From these verses, it should be obvious that water baptism should lead to the greater baptism, that in the Spirit, and that without baptism in the Spirit there can’t be any effective testimony. If all four Gospels repeat the same thing about the ministry of John, if Jesus also confirms it after His resurrection, if He tells His disciples – already believers, already baptized in water, already witnesses of His resurrection and already received the Holy Spirit – to wait until they are baptized in the Spirit . . . there’s a good reason to believe that baptism in the Holy Spirit should be a very important doctrine for those who claim to be “sola scriptura,” right? And not only important, but our Reformed preachers and teachers should preach and teach it every time they preach and teach water baptism, and encourage their listeners to seek from the Lord baptism in the Spirit just as they sought from the church water baptism. Right?
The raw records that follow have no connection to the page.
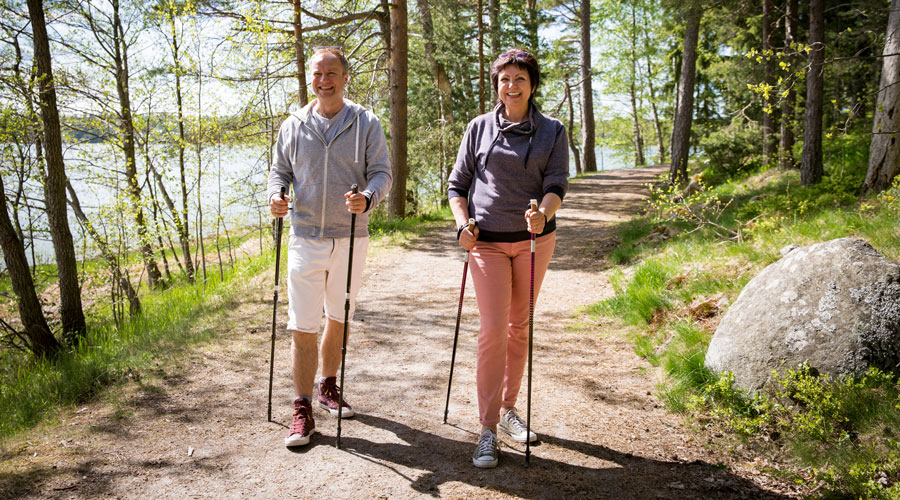 benefits of nordic walking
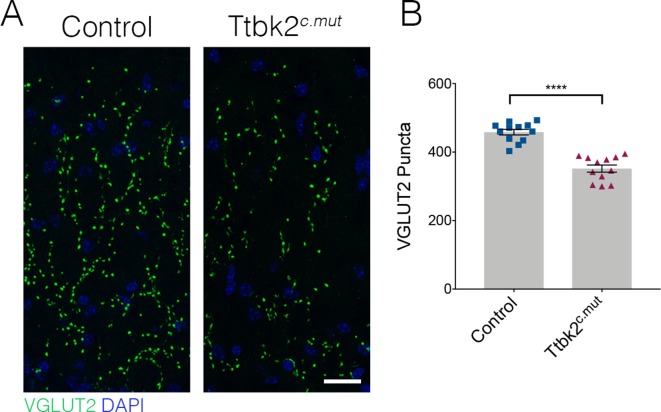 Figure 1—figure supplement 3.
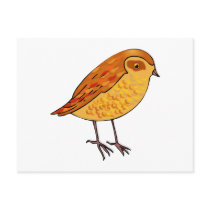Roberta Robin Post Cards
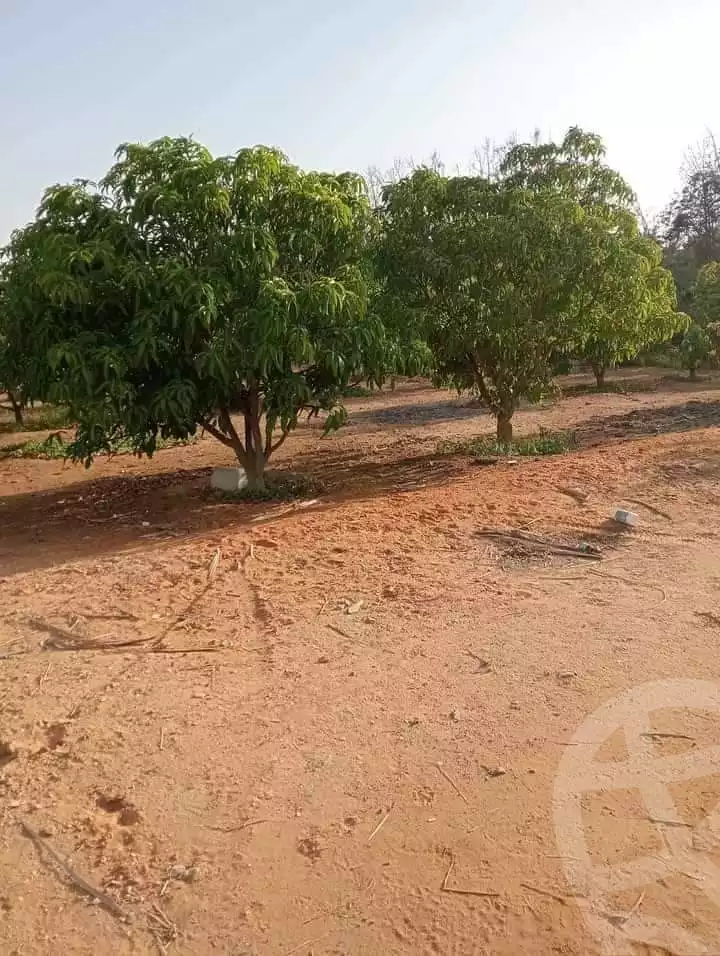 https://aqarmap.com.eg/en/listing/5280019-for-sale-cairo-other-neighborhoods-in-greater-cairo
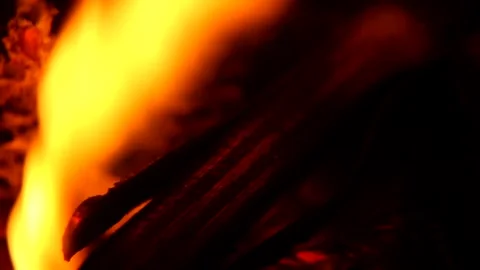 Fire Flames From Wood Ember for Grill Bbq Firewood Stock Footage 164989283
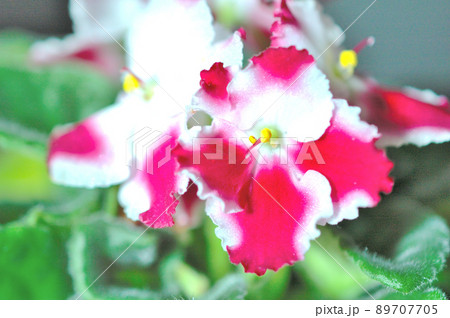 赤と白のセントポーリアの花 89707705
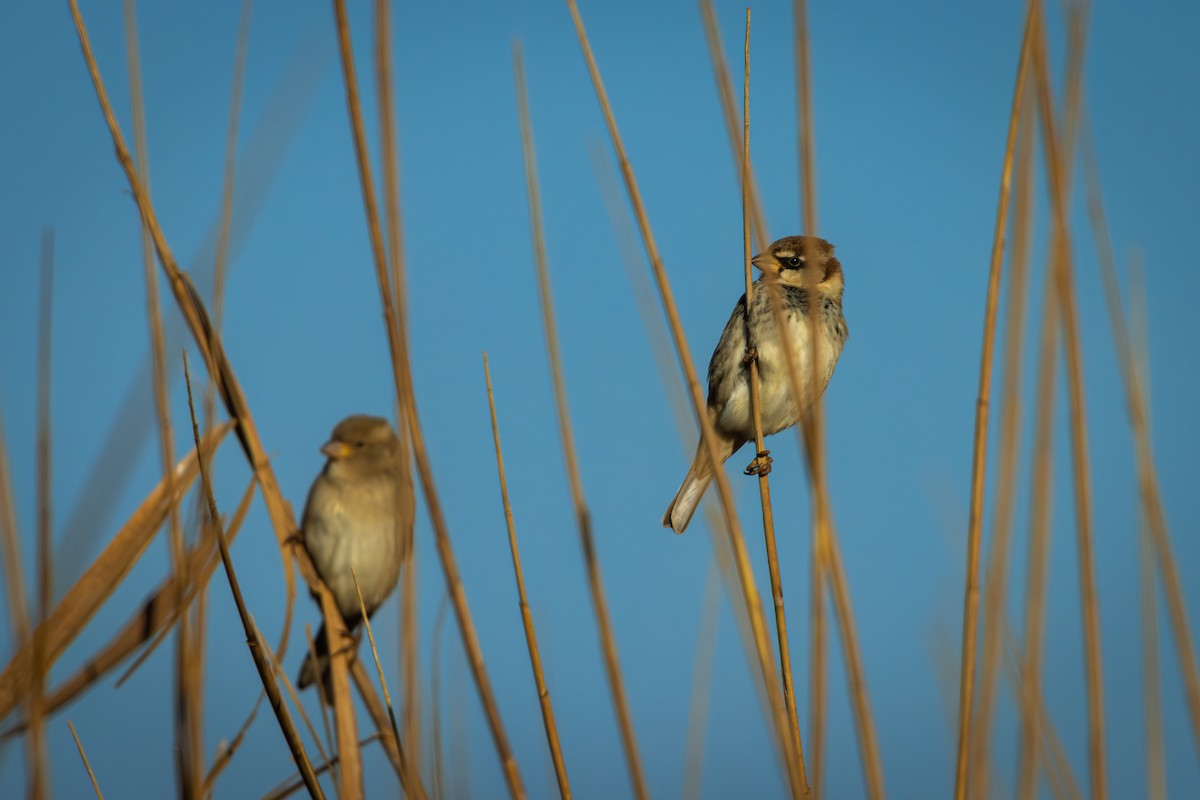 Spanish Sparrow - ML628603345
Apparently, though, sola scriptura doesn’t seem to work in this case, not when modern Reformed ministries and churches are involved. To the flood of teaching about water baptism, the quantity of material on baptism in the Spirit is quite meager. I made the effort to run through the archives of a few major celebrity Reformed ministries to see what they have about baptism in the Holy Spirit. Very little. John MacArthur has a couple of sermons. Ligonier Ministries has 3 or 4 articles. The NT or systematic theology syllabi of several Reformed seminaries don’t even mention baptism in the Spirit. (They do have detailed courses on water baptism, though.) Reformed sermons on baptism in the Spirit are very few. Of those I have been able to find, most of the energy is spent on attacking modern Charismatics, and only small portions of them are devoted to attempts for Biblical exegesis of the concept.
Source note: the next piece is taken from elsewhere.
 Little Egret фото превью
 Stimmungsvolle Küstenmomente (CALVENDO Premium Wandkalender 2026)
The quantity is meager, but so is the quality, even from those ministries considered to be most reliable. The 3 or 4 articles on the Ligonier Ministry’s website contradict and refute each other. One warns against believing in a second, more perfect baptism – that is, baptism in the Spirit – and argues that this would create second class citizens in the Kingdom of God; even though several texts in the Gospels and Acts clearly speak of two different baptisms. Then another article, again on Ligonier’s website, says exactly the opposite: that we must clearly distinguish between conversion and baptism in the Spirit. John MacArthur is also self-contradictory. In one sermon he says that being filled with the Spirit is the same thing as being baptized in the Spirit. In another he insists that the two are different. Neither Ligonier, nor MacArthur, nor any other Reformed ministry I checked, really bother to address the connection between water baptism and baptism in the Spirit, emphasized by John the Baptist, ordained by Jesus, and described practically in Acts. No ministry bothers to make the connection between baptism in the Spirit and the supernatural manifestations of the Spirit described in Acts: speaking in tongues and prophesying. No ministry mentions baptism in the Spirit as the defining sign of Jesus’s greater ministry as over against John’s lesser ministry; nor do they comment on Jesus’s command to postpone their evangelism to after they had power from above.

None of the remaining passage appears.